Какой же смысл тогда имеет рассуждение об общественном договоре и войне? Не получается ли, что сложным и абстрактным образом Гоббс описывает лишь то, что и так имело место: всевластие короля? Конечно, до известной степени так оно и было. Устав от ужасов революции, свержения монархии, английские публицисты стали предлагать достаточно смелое по тем временам решение: считать сувереном не того, у кого есть на то подлинные (наследственные, священные) права, а того, кто de facto им является. Некоторые исследователи в наши дни полагают, что таким вот теоретиков фактического суверенитета был и Гоббс, разве что стиль его был заметно ярче, а философские основания аргументов — куда внушительнее, чем у прочих. Понятно, что такое отношение к суверенитету могло понравиться Кромвелю (который звал Гоббса вернуться в Англию), но не могло в буквальном смысле прийтись ко двору в окружении изгнанного наследника. Однако сводить дело только к этому — значит упростить все донельзя: и проблему, которую ставит Гоббс, и решение, которое он находит. А книгу про то, что подчиняться надо всякий раз тому, у кого власть, уж точно не требовалось называть «Левиафан».

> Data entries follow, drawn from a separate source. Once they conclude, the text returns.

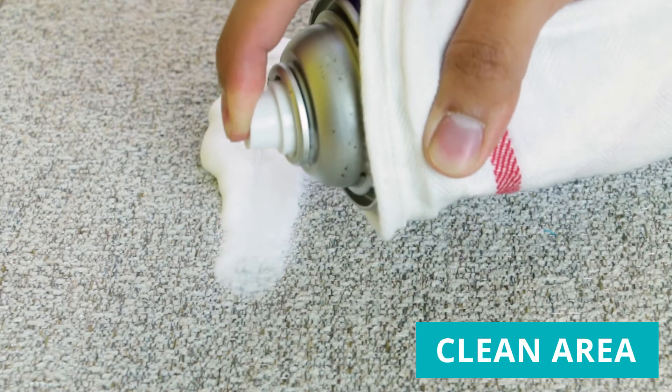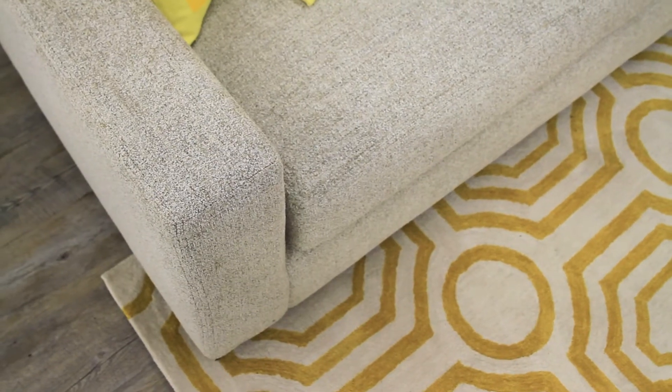Then clean the area that needs the attention. Let the solvent set in for about five to ten minutes. Give your piece time to air dry, and voila! Your furniture should be ready to go.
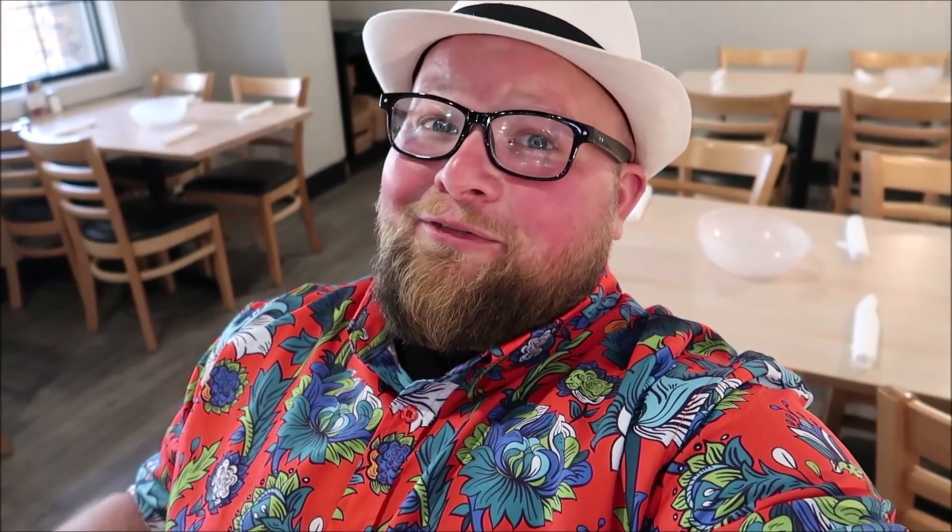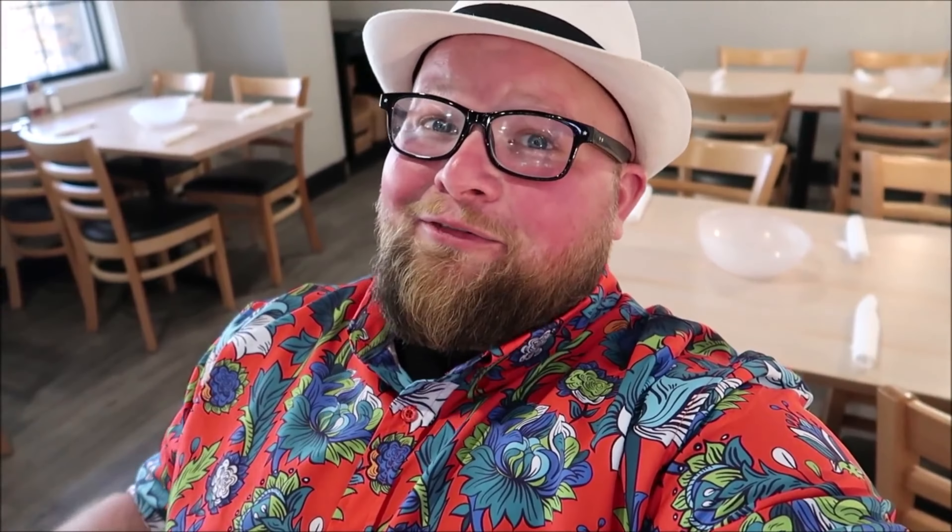Now choke yourself! I said choke yourself! Now lean forward and choke yourself! Look at this — let me just tie it right around. Perfection! There we go! Now I'm ready, I'm ready for my lobster! They have Mountain Dew here! I haven't had Mountain Dew in forever! Yeah, that's the stuff!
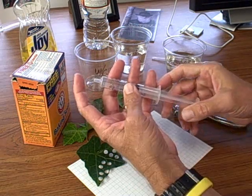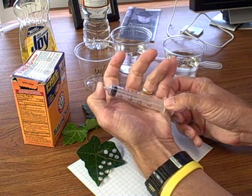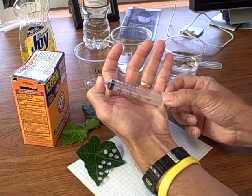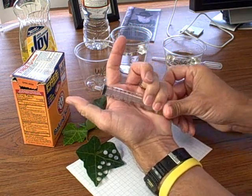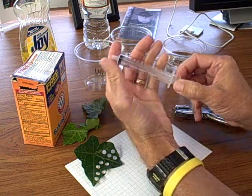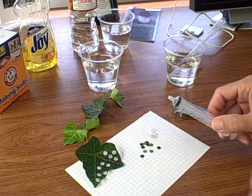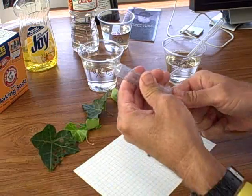You need a syringe that has a good seal. Notice that when I pull out the plunger with the end sealed, the plunger comes back — that means we have a good vacuum. So I'm going to add the leaf discs that I've cut out.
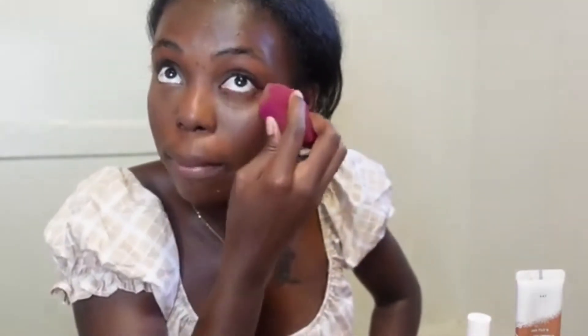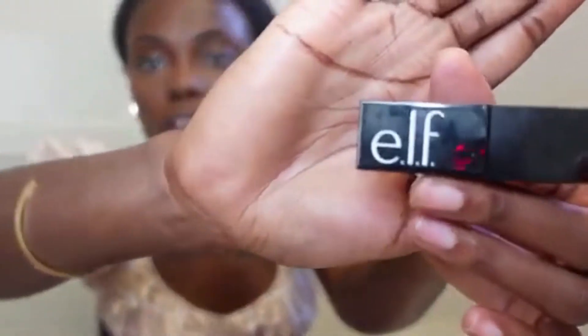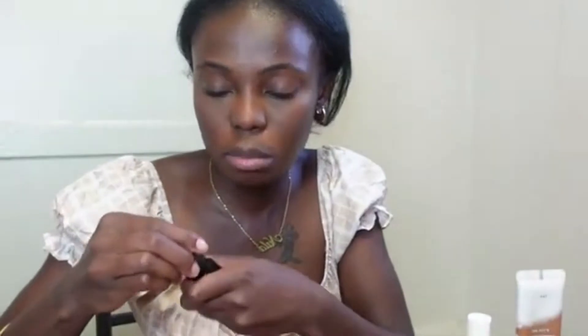Look up when doing the concealer — that's the rule. Look up, up, up. And now my lip stain — it's Cinnamon Dreams from ELF. I'm going to try to link everything down below for you guys.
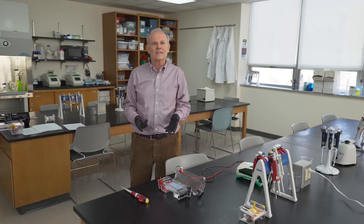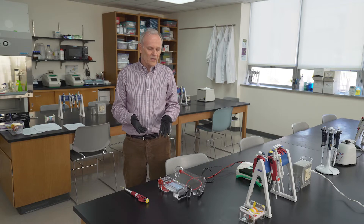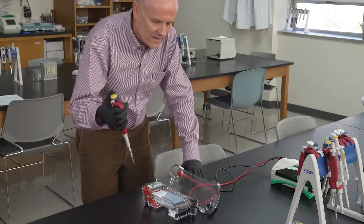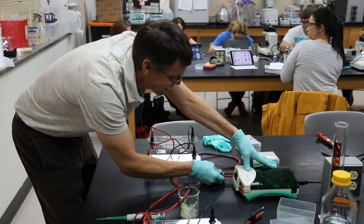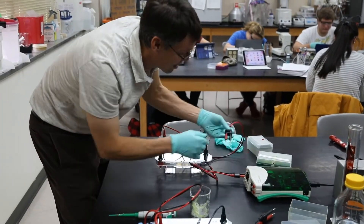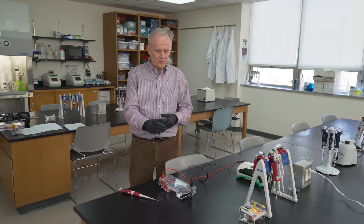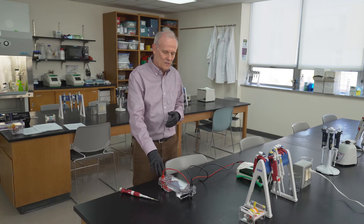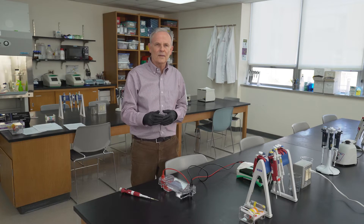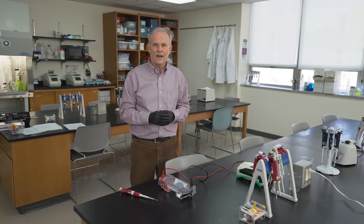Once we've amplified our DNA in the thermocycler, what we want to do is see if we've been successful in amplifying certain bands. We use a gel electrophoresis apparatus and load our samples into these wells. We attach it to a power supply and put an electric field across it. The DNA, which is negatively charged, will move towards the positive terminal, and larger fragments move slower than smaller fragments, creating a series of bands based on the size of the fragments.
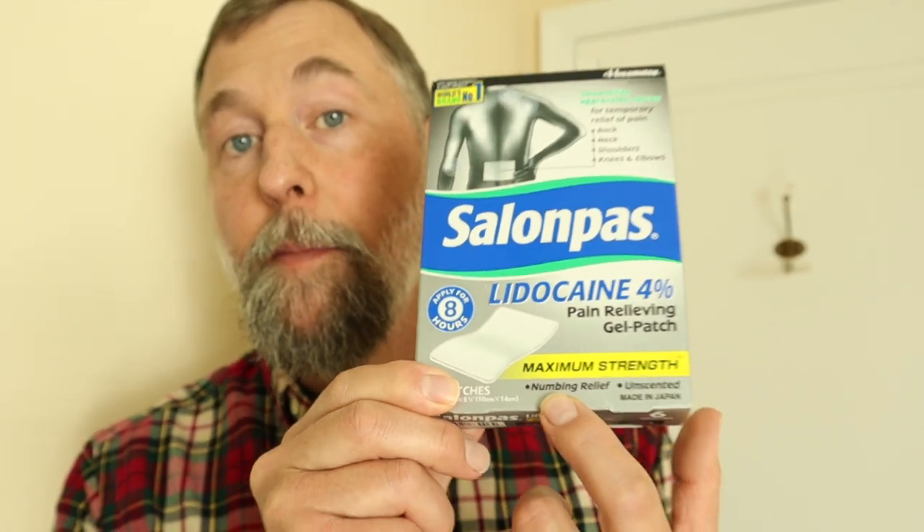One very important thing I want to get across to you: this does not cure anything. This is a numbing agent — it says it right on the box. It doesn't cure anything, but that's fine with me. As long as it helps the pain, it numbs it. It really helps target nerve pain, which I've really started to have a problem with. What it's really designed to do is desensitize aggravated nerves.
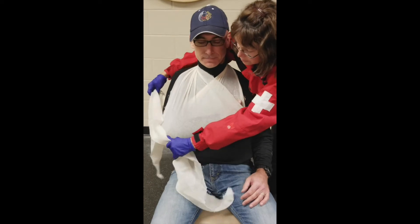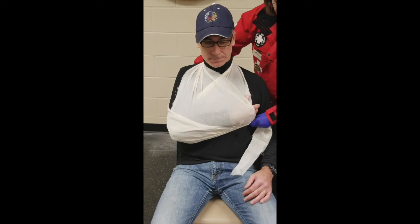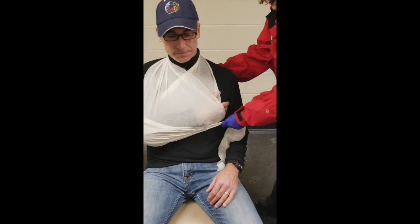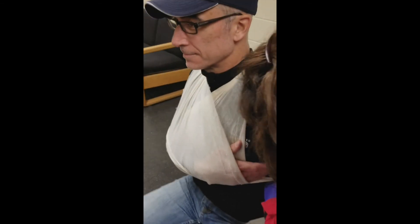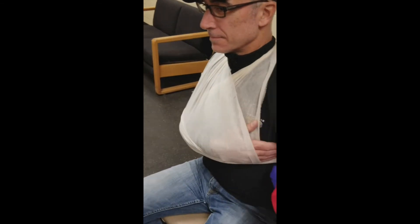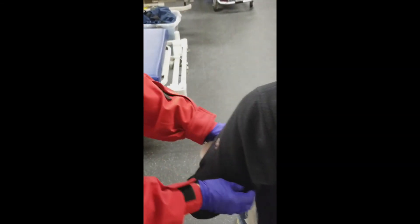I'm going to cup the elbow with this part of the cravat and go around here. You could lean forward a little bit. We're going to tie this — can you breathe okay? Take a big breath. We're going to tie this swathe right up here under the arm, nice and snug. Make sure they can breathe okay though.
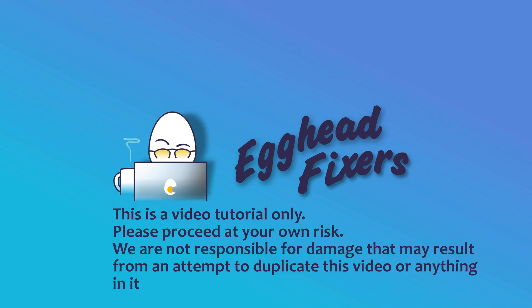Hello, my fellow eggheads, this is Liz. I'm a certified technician and today we're going to be discussing what to do when your ASUS keeps overheating.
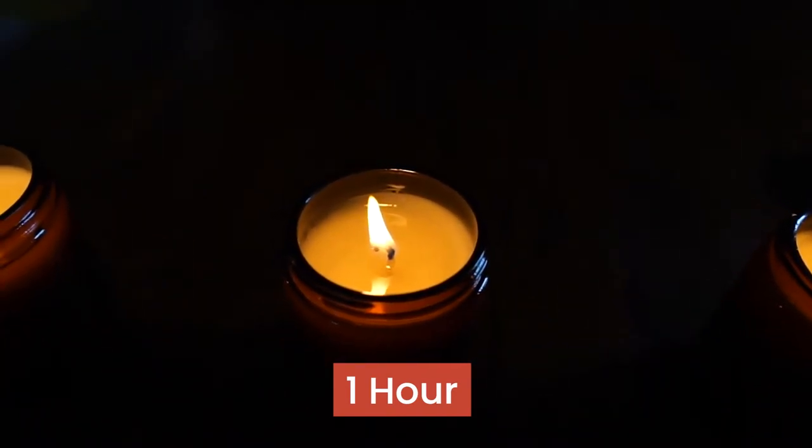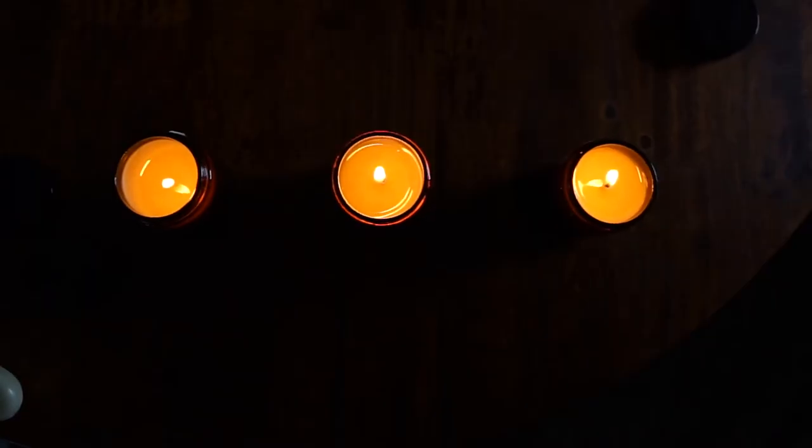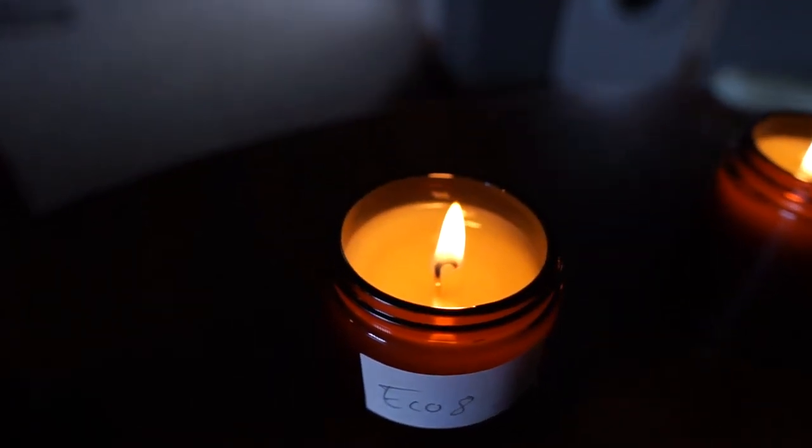We're one hour in and we can see that the candles haven't burnt all the way down yet. The reason for this is that as the candle burns down, the jar and the container will start to get hot around the flame, which is to be expected. Within the first hour, you won't always see a full melt pool and it's quite hard to tell — none of them are flickering too much, none have a high flame. They all look pretty good, but you want to check because they might have started to tunnel, which would indicate something is wrong.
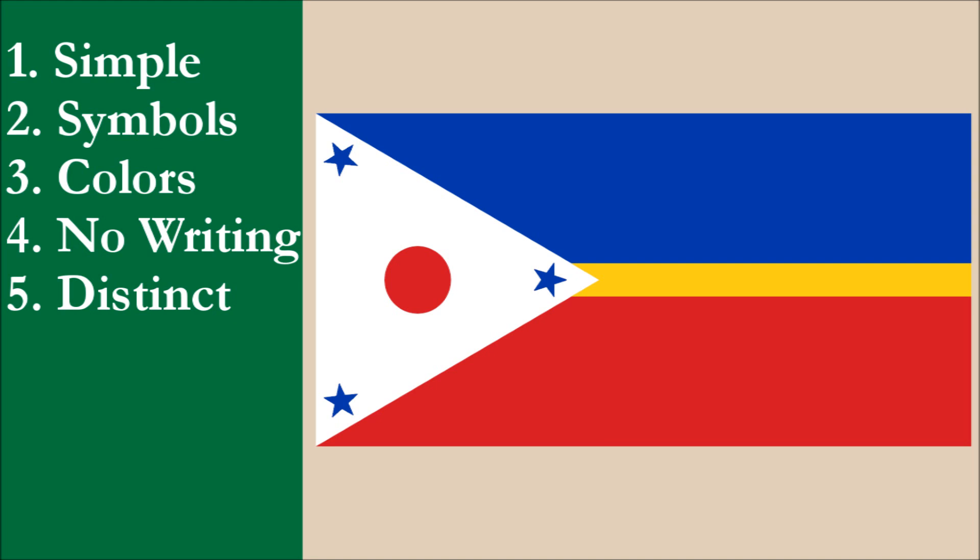If we were to review the flag using the five basic principles of flag design, the flag would achieve a high score. It falls just short of top marks for simplicity, because all the elements combined makes the flag a little tricky to draw accurately. It also loses marks for color, because the four colors used is one more than the recommended maximum of three. And while we solved most of the contrast problems, there's still a small contrast problem where the yellow stripe meets the white triangle, though this takes up a small area of the flag. The flag gets top marks for the remaining principles. Our overall score for the flag would be 9.4 out of 10.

C левиафаном в «Левиафане» все непросто. Можно было бы ожидать, что многообещающее название себя оправдает и ученый автор блеснет эрудицией. К тому же «Левиафан» — это «книжка с картинкой», сложным рисунком на фронтисписе, технически исполненным, скорее всего, одним из самых известных графиков того времени, Абрахамом Боссом, но в точном соответствии с замыслом самого Гоббса. Однако на фронтисписе диковинного зверя нет, а есть огромный мужчина в короне, который портретно, говорят, напоминал будущего короля Карла II, со знаками королевского и епископского достоинства (мечом и посохом) в руках, соединяющими небо и землю. Он возвышается над местностью, где есть и город, и прилегающие земли с разными строениями. Тело его составлено из отдельных маленьких человечков, снизу — справа и слева — несколько небольших картинок с изображениями символов власти светской (вроде конницы и пушек) и церковной (храм и церковный суд и т.п.), а на самом верху — латинский стих из Книги Иова: «Non est potestas super terram, quae comparetur ei» («Нет на земле сравнимой с ним силы»). Кроме титульного листа, по имени левиафан назван лишь несколько раз во всей книге, но нигде Гоббс не рассказывает об ужасном змее или подобном огромному киту существе, и только в одном месте замечает, что, пожалуй, более почтительно государство следовало бы именовать не левиафаном, а «смертным богом». Спорам о том, следует ли понимать это «более почтительно» в том смысле, что слово «Левиафан» означает отсутствие почтения, или же так, что почтение есть всегда, но в одном случае оно больше, чем в другом, — спорам этим нет конца.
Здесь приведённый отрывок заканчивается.